_Dataset entries_:
--- START ---
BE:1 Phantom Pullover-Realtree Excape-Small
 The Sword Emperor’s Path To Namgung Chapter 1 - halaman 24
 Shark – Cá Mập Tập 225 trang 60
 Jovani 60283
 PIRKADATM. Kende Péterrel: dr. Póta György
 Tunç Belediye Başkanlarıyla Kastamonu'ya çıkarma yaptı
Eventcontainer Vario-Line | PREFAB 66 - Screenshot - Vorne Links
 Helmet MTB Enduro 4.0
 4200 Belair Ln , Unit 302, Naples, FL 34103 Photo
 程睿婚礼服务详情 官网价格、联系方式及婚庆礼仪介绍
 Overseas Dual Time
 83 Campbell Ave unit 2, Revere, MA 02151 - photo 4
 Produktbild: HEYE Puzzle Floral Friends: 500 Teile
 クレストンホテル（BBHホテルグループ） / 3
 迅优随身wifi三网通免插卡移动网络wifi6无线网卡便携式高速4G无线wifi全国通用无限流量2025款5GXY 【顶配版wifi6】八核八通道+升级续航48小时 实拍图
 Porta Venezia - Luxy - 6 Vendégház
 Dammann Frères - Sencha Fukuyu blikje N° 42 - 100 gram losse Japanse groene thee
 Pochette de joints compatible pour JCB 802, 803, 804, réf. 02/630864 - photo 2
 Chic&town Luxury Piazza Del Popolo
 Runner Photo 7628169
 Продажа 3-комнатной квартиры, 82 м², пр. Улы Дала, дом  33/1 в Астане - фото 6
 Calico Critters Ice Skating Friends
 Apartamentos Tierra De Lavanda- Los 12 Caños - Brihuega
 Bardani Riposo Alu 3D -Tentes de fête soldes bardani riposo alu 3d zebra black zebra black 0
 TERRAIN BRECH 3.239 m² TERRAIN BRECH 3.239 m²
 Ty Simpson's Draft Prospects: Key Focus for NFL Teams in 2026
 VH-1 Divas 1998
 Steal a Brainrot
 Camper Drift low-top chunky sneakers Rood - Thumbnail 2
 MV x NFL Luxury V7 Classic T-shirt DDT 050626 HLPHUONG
--- END ---
_Aim of the exercise_: The data above should be output exactly, with each line intact.

_Exercise result_:
BE:1 Phantom Pullover-Realtree Excape-Small
 The Sword Emperor’s Path To Namgung Chapter 1 - halaman 24
 Shark – Cá Mập Tập 225 trang 60
 Jovani 60283
 PIRKADATM. Kende Péterrel: dr. Póta György
 Tunç Belediye Başkanlarıyla Kastamonu'ya çıkarma yaptı
Eventcontainer Vario-Line | PREFAB 66 - Screenshot - Vorne Links
 Helmet MTB Enduro 4.0
 4200 Belair Ln , Unit 302, Naples, FL 34103 Photo
 程睿婚礼服务详情 官网价格、联系方式及婚庆礼仪介绍
 Overseas Dual Time
 83 Campbell Ave unit 2, Revere, MA 02151 - photo 4
 Produktbild: HEYE Puzzle Floral Friends: 500 Teile
 クレストンホテル（BBHホテルグループ） / 3
 迅优随身wifi三网通免插卡移动网络wifi6无线网卡便携式高速4G无线wifi全国通用无限流量2025款5GXY 【顶配版wifi6】八核八通道+升级续航48小时 实拍图
 Porta Venezia - Luxy - 6 Vendégház
 Dammann Frères - Sencha Fukuyu blikje N° 42 - 100 gram losse Japanse groene thee
 Pochette de joints compatible pour JCB 802, 803, 804, réf. 02/630864 - photo 2
 Chic&town Luxury Piazza Del Popolo
 Runner Photo 7628169
 Продажа 3-комнатной квартиры, 82 м², пр. Улы Дала, дом  33/1 в Астане - фото 6
 Calico Critters Ice Skating Friends
 Apartamentos Tierra De Lavanda- Los 12 Caños - Brihuega
 Bardani Riposo Alu 3D -Tentes de fête soldes bardani riposo alu 3d zebra black zebra black 0
 TERRAIN BRECH 3.239 m² TERRAIN BRECH 3.239 m²
 Ty Simpson's Draft Prospects: Key Focus for NFL Teams in 2026
 VH-1 Divas 1998
 Steal a Brainrot
 Camper Drift low-top chunky sneakers Rood - Thumbnail 2
 MV x NFL Luxury V7 Classic T-shirt DDT 050626 HLPHUONG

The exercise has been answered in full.